Après les millénaristes qui se construisaient des bunkers à l'approche de l'an 2000, les phobiques de la fin du monde ne jurent plus que par la date fatidique du 21 décembre 2012. Et ils ont à leur service une puissante machine à rumeurs nommée internet.

Il y a deux semaines, Salomé Médam, préadolescente pimpante et enjouée de 13 ans, est arrivée chez son père avec un air d'enterrement. Devant la morosité inhabituelle de sa fille, son père, Yves, l'a questionnée sur ce qui la troublait tant.

Salomé lui a confié ses angoisses: «Je sais que tu vas trouver ça débile, mais j'ai peur de 2012. Tout le monde en parle à l'école et a l'air d'y croire.
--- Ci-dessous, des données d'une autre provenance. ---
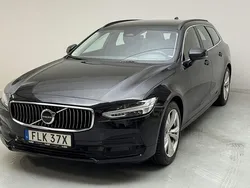 Svart Begagnad 2023 Volvo V90 Core Kombi | 300 000 kr (Superpris)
C'est en lien avec les Mayas. Je n'ai pas envie que ma vie s'arrête à 15 ans. Il va y avoir des tsunamis, des ouragans, des tremblements de terre, des cataclysmes naturels. C'est prévu pour le 21 décembre 2012.»

Une petite conversation sur les nuances entre le «marketing de la peur», la science-fiction, la paranoïa et la réalité a suffi pour apaiser les inquiétudes de Salomé. Selon Mike Kropveld, directeur général d'Info-Sectes, les jeunes adolescents comme Salomé ont depuis toujours été enclins à s'effrayer avec certaines croyances issues, par exemple, des films de science-fiction.

Mais le problème, avec 2012, c'est que certains adultes y croient aussi. Et pas les plus hippies ou ésotériques. Louis Valjean (nom fictif), jeune loup de la finance, établit une corrélation entre la fin de la crise financière, la quatrième année du mandat de Barack Obama, le règne démographique des baby-boomers, les leçons de la crise de 1929 et même les prédictions de Nostradamus, des Aztèques et des Mayas.

«Il s'agit bien entendu d'une opinion personnelle, mais beaucoup de gens sur l'internet parlent de choses énormes qui ont été prévues par Nostradamus pour 2012. Il a prédit que le troisième antéchrist allait arriver: il serait quelqu'un que tout le monde aimerait, un Prix Nobel de la paix», évoque le plus sérieusement du monde ce jeune homme d'affaires.

Prédictions apocalyptiques

En tapant «fin du monde 2012» dans Google, on a droit à un déluge de prédictions apocalyptiques. «Des astéroïdes (peut-être même une nouvelle planète) vont frapper notre planète ce jour-là.» «Le système trinaire sera apporté par des extraterrestres et viendra révolutionner toutes les connaissances scientifiques et mathématiques.» «L'argent n'aura plus de valeur et les échanges se feront avec des coquillages.»

Pour apaiser les angoisses de ceux qui croient à la fin du monde prévue dans le calendrier maya, l'astronome Robert Lamontagne a préparé une conférence dans laquelle il démontre que cette idée tient du délire.

«Ce qui est amusant, c'est qu'aucun texte des Mayas ne fait référence à ce soi-disant phénomène astronomique. En réalité, cette idée de fin du monde est tirée de livres parus il y a 25, 30 ans. Le premier d'entre eux s'intitulait Mexico mystique, un livre très «années 70/Nouvel Âge» écrit par un certain Frank Waters, prétendu expert de la société maya. Il avait ni plus ni moins fourni sa propre interprétation de ce que les Mayas avaient vu dans l'avenir.»

Selon l'astronome, la «machine à rumeurs» qu'est l'internet a alimenté cette phobie. «Rien n'a l'air plus sérieux qu'une page web: si c'est écrit, cela a l'air crédible. Mais sans un minimum de formation en sciences, on peut facilement se faire prendre au piège et devenir inquiet.»

C'est lors de la sortie du film 2012 (de l'Américain Roland Emmerich), l'année dernière, que Robert Lamontagne a monté sa conférence grand public pour rassurer les inquiets... et pour remettre un peu de plomb dans la tête des catastrophistes. «Quand on va à la boucherie du coin et que l'employé qui nous sert frôle la déprime parce qu'il est convaincu que ce sera la fin du monde et que la vie va disparaître, je me dis qu'il faut se questionner.»

De l'avis de Mike Kropveld, d'Info-Sectes, la paranoïa au sujet de 2012 est un pur produit de la croyance aveugle en des informations non vérifiées. «Souvent, les gens lancent des flèches dans le mur et peignent la cible ensuite.»